> **Exercise**
The copy should hold exactly the lines below from the one that contains "China Anti-pilling fashion" through the one that contains "Patchwork Multi Pamuk" and nothing else, so no pictures.

> **Record extracts**
◇ ◇ ◇ ◇ ◇ ◇ ◇

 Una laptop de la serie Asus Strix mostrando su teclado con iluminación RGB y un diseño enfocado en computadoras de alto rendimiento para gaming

◇ ◇ ◇ ◇ ◇ ◇ ◇

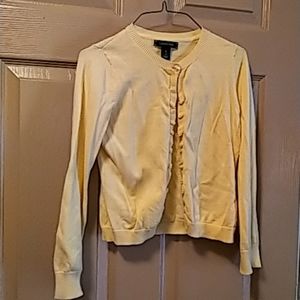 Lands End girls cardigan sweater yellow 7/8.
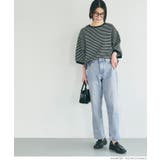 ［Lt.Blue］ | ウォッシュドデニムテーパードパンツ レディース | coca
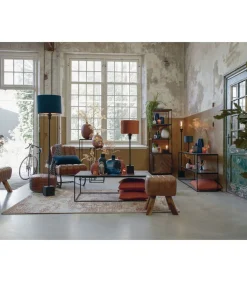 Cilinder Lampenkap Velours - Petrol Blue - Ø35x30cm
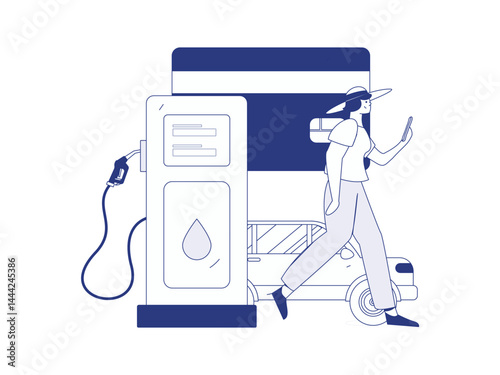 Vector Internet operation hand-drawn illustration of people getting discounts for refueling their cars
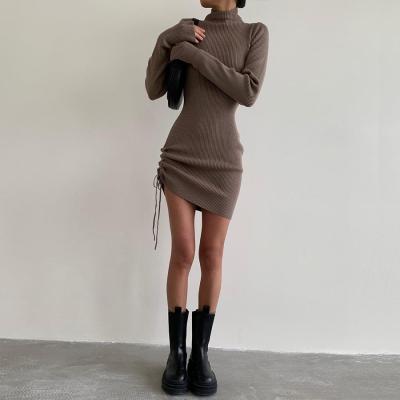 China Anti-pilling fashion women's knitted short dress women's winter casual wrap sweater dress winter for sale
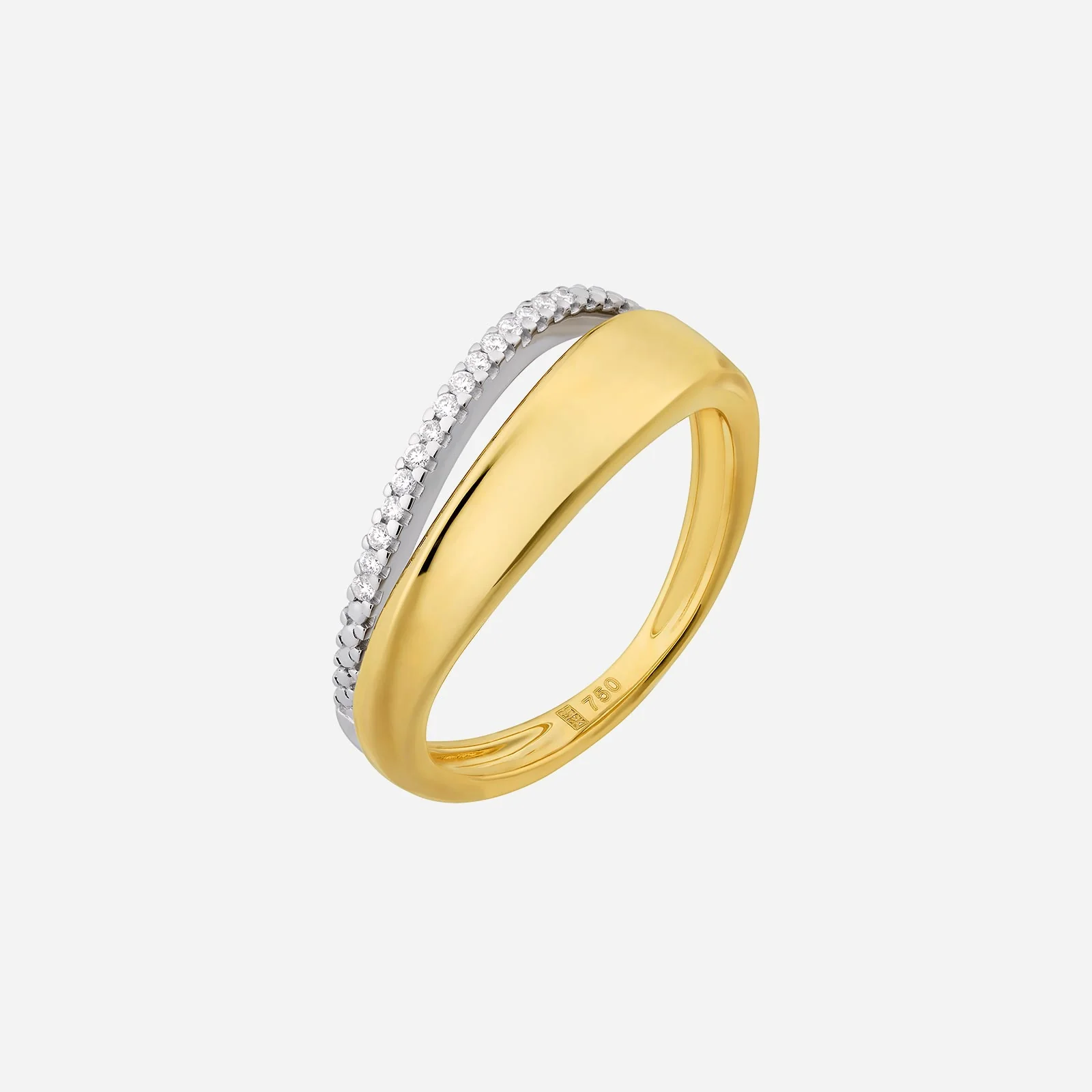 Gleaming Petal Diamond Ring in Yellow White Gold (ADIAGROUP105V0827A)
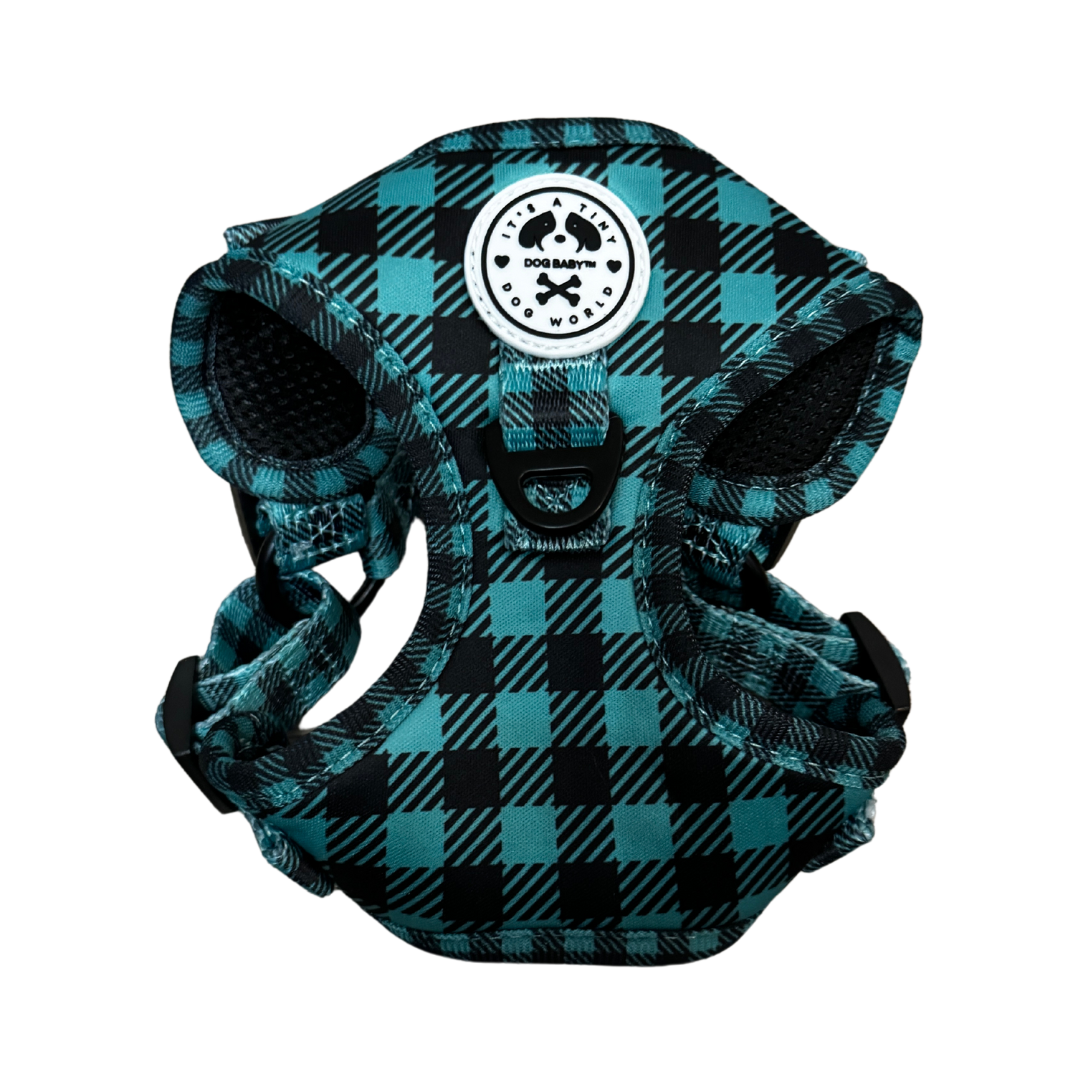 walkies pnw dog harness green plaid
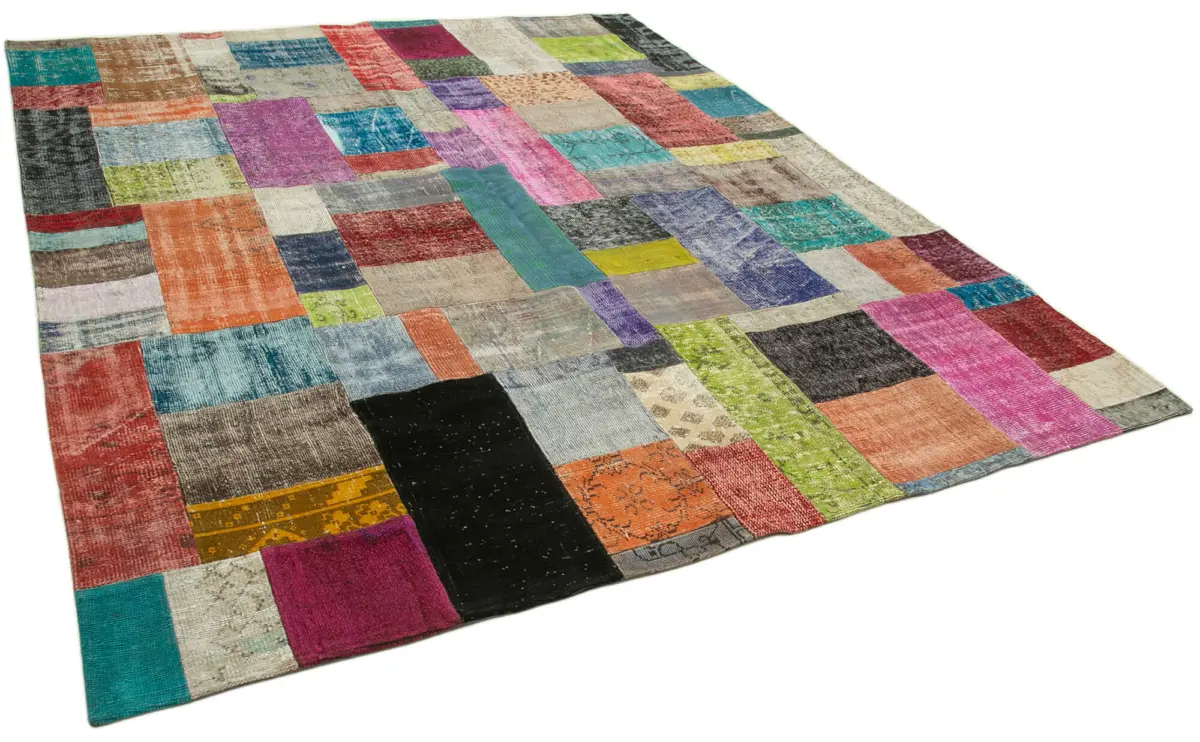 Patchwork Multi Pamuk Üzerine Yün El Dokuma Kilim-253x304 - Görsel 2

◇ ◇ ◇ ◇ ◇ ◇ ◇

> **Solution for this task**
 China Anti-pilling fashion women's knitted short dress women's winter casual wrap sweater dress winter for sale
 Gleaming Petal Diamond Ring in Yellow White Gold (ADIAGROUP105V0827A)
 walkies pnw dog harness green plaid
 Patchwork Multi Pamuk Üzerine Yün El Dokuma Kilim-253x304 - Görsel 2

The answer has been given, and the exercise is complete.